Certains considèrent la mort d’Hypatie comme la destruction finale de la Bibliothèque. D’autres reprochent à Théophile d’avoir détruit les derniers parchemins lorsqu’il a rasé le temple de Sérapis avant d’en faire une église chrétienne.
Destruction par le calife Omar
En 640 après J.-C., les musulmans prennent la ville d’Alexandrie. En apprenant l’existence d’une grande bibliothèque contenant tout le savoir du monde, le général conquérant demande des instructions au calife Omar. Le calife aurait déclaré à propos des fonds de la bibliothèque : « soit ils contrediront le Coran, auquel cas ils sont hérétiques, soit ils seront d’accord avec lui, donc ils sont superflus ». Ainsi, tous les textes auraient été détruits en les utilisant comme engrais pour les bains publics de la ville. Même à l’époque, il aurait fallu six mois pour brûler tous les documents. Mais ces détails, de la citation du calife aux six mois incrédules qu’il aurait fallu pour brûler tous les livres, n’ont été écrits pratiquement 600 ans après les faits par l’évêque Bar Hebraeus (1226 – 1286), ce qui laisse supposer une certaine fantaisie et une absence de méthodologie historique.
Qui a brûlé la grande bibliothèque d’Alexandrie ?
Qui a donc brûlé la bibliothèque d’Alexandrie ?
La plupart des écrivains, de Plutarque (qui blâme César) en passant par le britannique du XVIIIème siècle Edward Gibbon (qui blâme les chrétiens et Théophile) ou encore à l’évêque Bar Hebraeus (qui blâme Omar), sont tous partiaux dans leurs récits.

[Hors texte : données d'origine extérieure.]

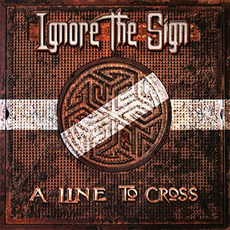 A Line to Cross mp3 Album by Ignore the Sign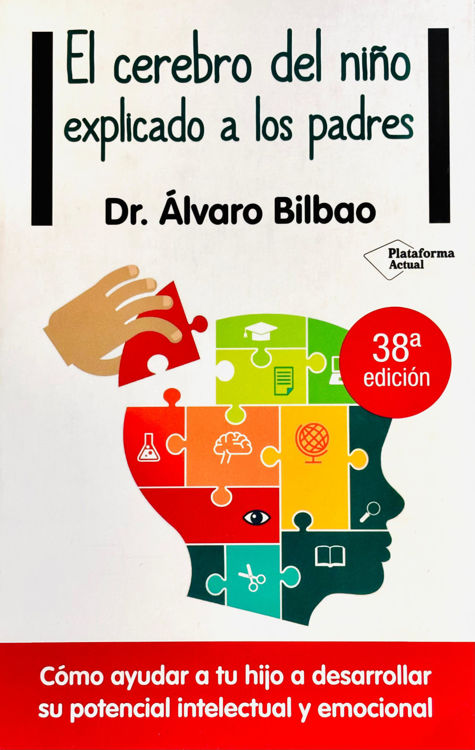 Imagen de El cerebro del niño explicado a los padres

Il est probable que toutes les causes mentionnées ci-dessus ont contribué à la destruction d’une partie des collections de la bibliothèque. La collection a peut-être fluctué au fur et à mesure que certains documents ont été détruits et d’autres ont été ajoutés. Par exemple, Marc Antoine est censé avoir donné à Cléopâtre plus de 200 000 parchemins pour la Bibliothèque bien après que Jules César ait été accusé de l’avoir brûlée.

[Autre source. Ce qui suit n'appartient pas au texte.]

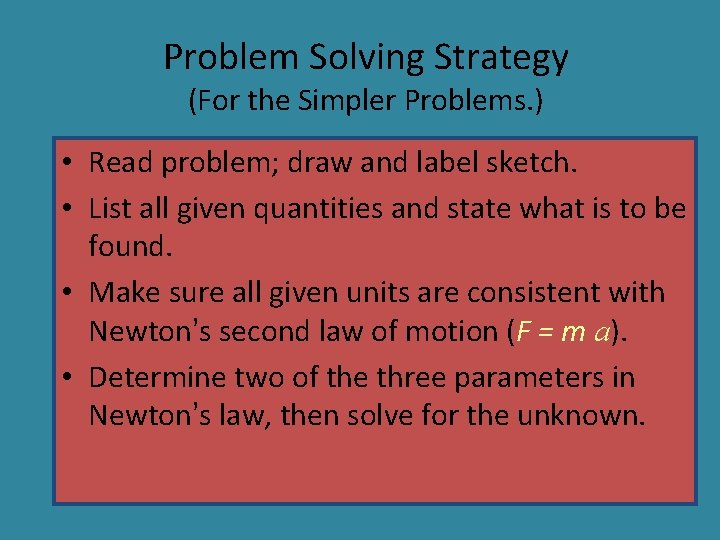 Problem Solving Strategy (For the Simpler Problems. ) • Read problem; draw and label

Il est également fort probable que, même si le musée a été détruit avec la bibliothèque principale, la bibliothèque « fille » du temple de Sérapis a continué à vivre. De nombreux écrivains semblent assimiler la bibliothèque d’Alexandrie à la bibliothèque de Sérapis, bien que techniquement, elles se trouvaient dans deux parties différentes de la ville (voir notre plan en début d’article).